Hi Mario,
Mario Curcija wrote:
Hi Armin,
Thanks for replying. We are actually striving to upgrade from
1.0.1 to 1.0.4 (hopefully later to 1.0.5 as well). As I see ODMG API is
not very popular among ojb-users. Today I checked Jira Issues tracking
system again looking for a bug report regarding our problem, but I wasn’t
able to find anything similar. Should I open one?
Yes! This will remind me to fix this issue (and to note in the release
notes) and you can comment my solution/ reopen the issue if necessary.
I think you’ll have to renounce “reuse” strategy if you are concerned
about performance in this case (after introduction of “initialImage”).
Finally only “flush()” calls are affected by this problem.
I try to avoid an additional image object. Locally I introduce an
enumeration class WriteMode with three modes (commit, checkpoint, flush)
and class ObjectEnvelope remember the current and last WriteMode. If now
tx.commit() is called and an error occur OJB can check for the last
WriteMode. If the last WriteMode is WriteMode.FLUSH OJB will evict the
associated persistent object from the cache (this fix will the issue
with performance impact). Think this is very similar to your suggestion
but with WriteMode instances instead of an additional image object.
Now the tests
- testTransactionFlush()
- testTransactionFlush_2()
pass using ObjectCacheDefaultImpl (with autoSync=false).
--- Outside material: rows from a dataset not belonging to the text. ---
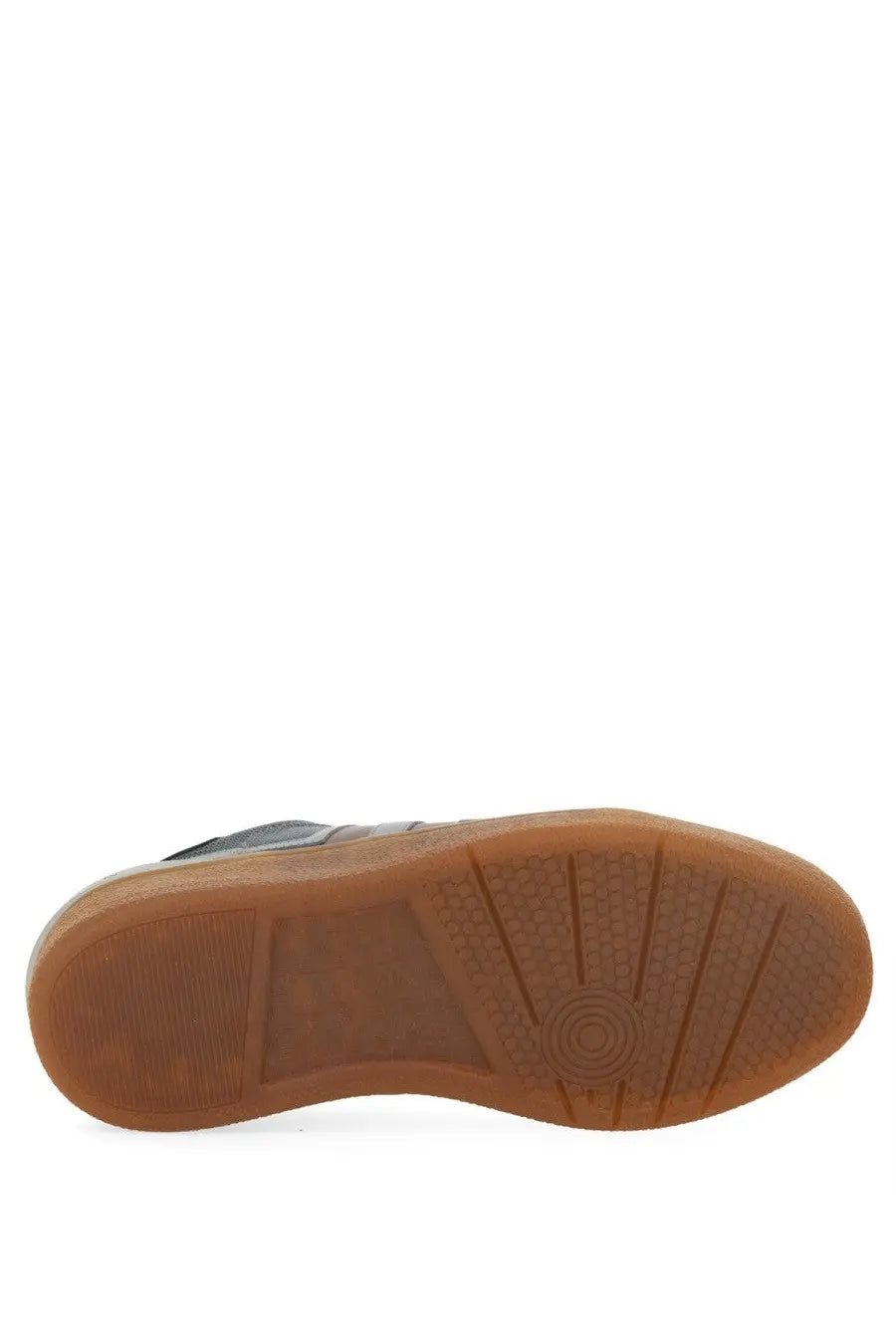 Lanvin women’s gray suede high-top sneaker with tan rubber sole made from suede and nappa leather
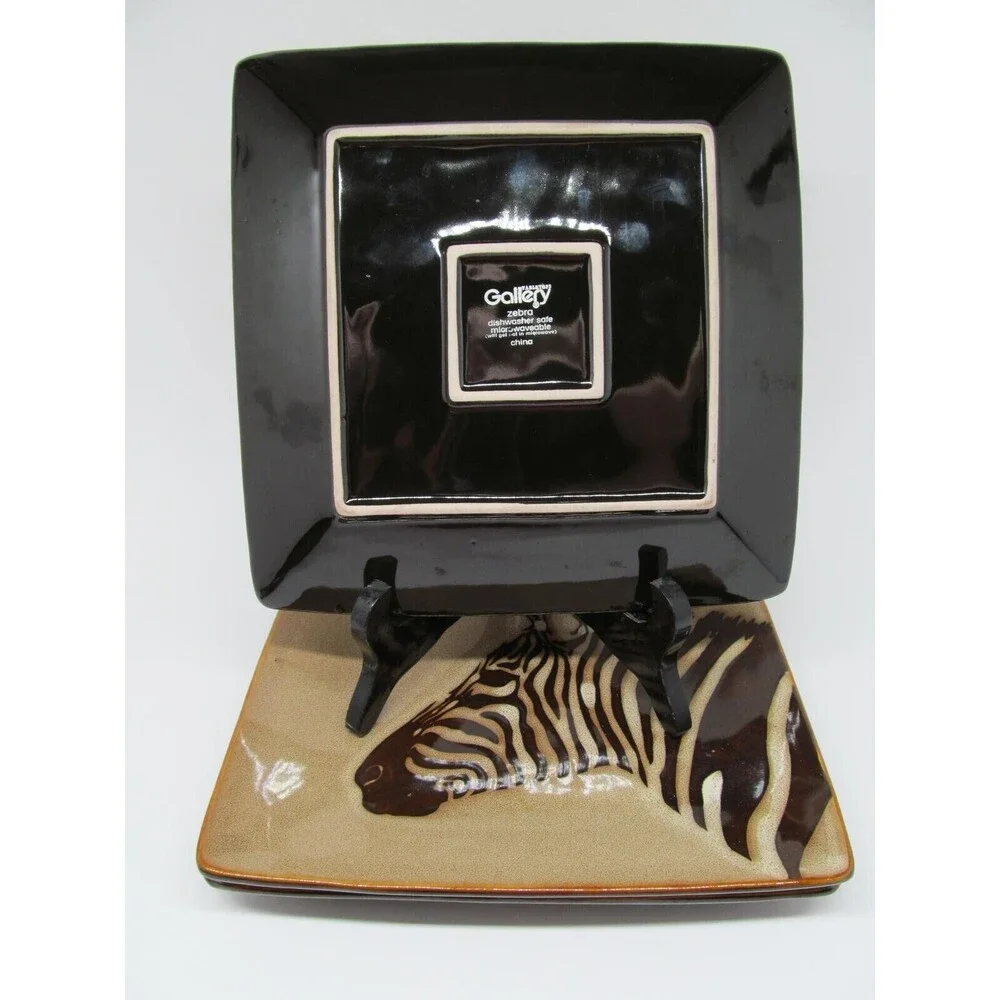 Tabletops Gallery Zebra Set Of 3 Square Animal Print 8 1/2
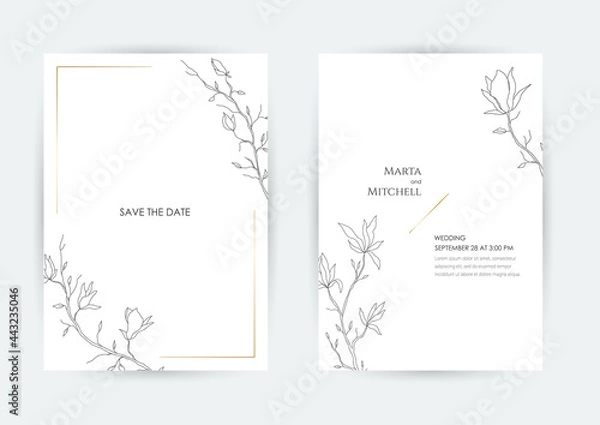 Fototapeta Minimalist wedding invitation card template design, golden line art drawing. Good for poster, card, invitation, flyer, cover, banner, placard, brochure and other graphic design.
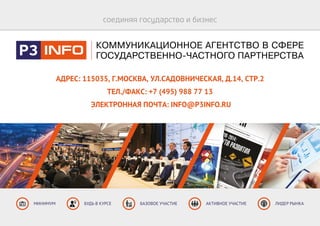 АДРЕС: 115035, Г.МОСКВА, УЛ.САДОВНИЧЕСКАЯ, Д.14, СТР.2
ТЕЛ./ФАКС: +7 (495) 988 77 13
ЭЛЕКТРОННАЯ ПОЧТА: INFO@P3INFO.RU
МИНИМУМ БУДЬ В КУРСЕ БАЗОВОЕ УЧАСТИЕ АКТИВНОЕ УЧАСТИЕ ЛИДЕР РЫНКА
 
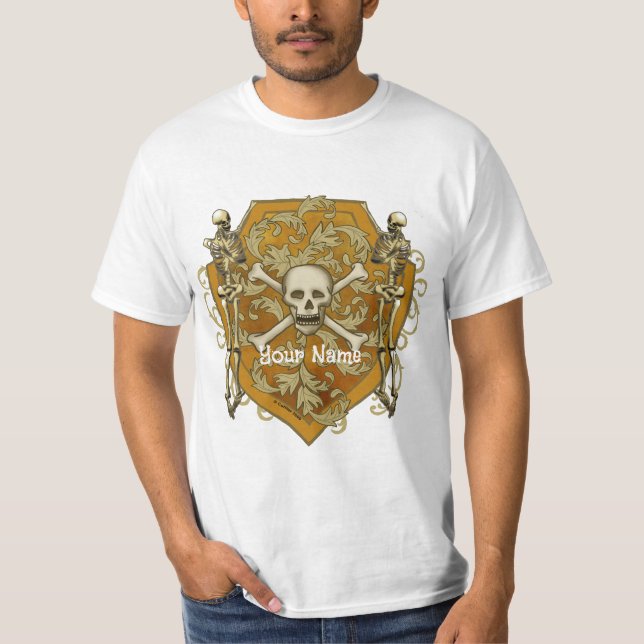Pirate-Totenkopf-Schild T-Shirt (Vorderseite)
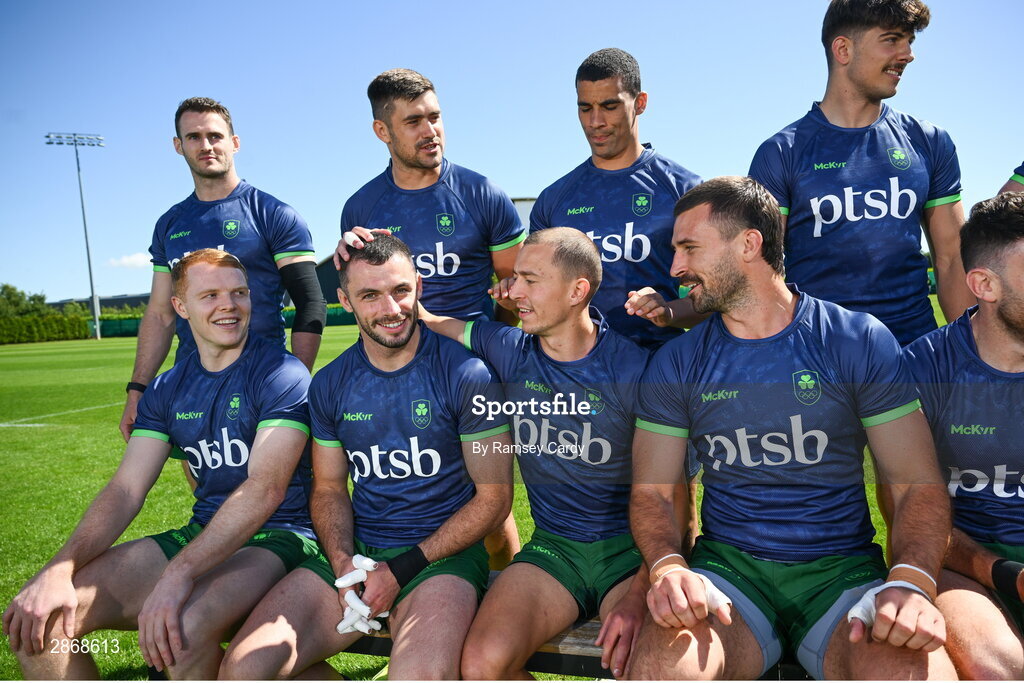 8 July 2024; Gavin Mullin, Andrew Smith, Hugo Lennox and Harry McNulty during the Team Ireland Paris 2024 team training for Rugby Sevens ahead of the Paris 2024 Olympic Games at the IRFU Outdoor Pitch on the Sport Ireland Campus in Dublin. Photo by Ramsey Cardy/Sportsfile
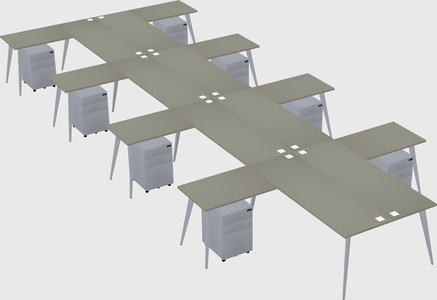 Shared l-shaped office desk system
Hope I find the time to check in the changes and build a new 1.0.5RC
during the next week.
regards,
Armin
Best regards,
Mario Curcija
Armin Waibel <[EMAIL PROTECTED]> schrieb am 21.03.2008 03:42:13:
Hi Mario,
Mario Curcija wrote:
Hi ojb-users,
yesterday, I ran into a problem during testing against 1.0.5rc1.
Many thanks for testing RC1!
The
following two tests:
- testTransactionFlush() and
- testTransactionFlush_2()
(both coming from org.apache.ojb.odmg.ODMGRollbackTest) are failing
when
ObjectCacheDefaultImpl (with autoSync=false) is used as object-cache
implementation instead of default one (“twoLevel”).
Both tests are doing following:
- persisting previously non-persisted objects by invoking
Transaction.lock(Object, int) and calling TransactionExt.flush()
afterwards,
- performing Transaction.abort() and at last,
- checking for existence of used objects (in DB/Cache) via
org.apache.ojb.broker.query.QueryByIdentity expecting not to find
them.
In these tests objects were not evicted from cache as expected (on
abort()
call).
I was hoping that problem was in usage of ObjectCacheSoftImpl as cache
implementation but it turned out that that ObjectEnvelope’s
modification
detection mechanism doesn’t correctly supports “abort() after flush()”
since ObjectEnvelope’s internal images (beforeImage and currentImage)
are
reused during subsequent flush() calls (please check following two
methods: ObjectEnvelope.cleanup and ObjectEnvelope.hasChanged).
You are absolutely right! It's a bug. Thanks for the detailed
description (make it easy to reproduce the issue).
We are experimenting with a workaround that makes use of an additional
“initialImage” (reference to first beforeImage), that let's the
hasChanged
method detect changes with respect to “initialImage” correctly in the
case
when abort() is invoked after flush(). However, we are not sure,
whether
this might have other implications.
Let me think about this (for a day or two). Another Image instance and
detection of changes could have an impact on memory consumption and
performance.
regards,
Armin
On the other hand, the only reason why those two test-cases are
running
fine with default “twoLevel” as object-cache is while it implements
PBStateListener interface and reacts on beforeRollback(PBStateEvent)
by
clearing session cache(thus removing newly created objects).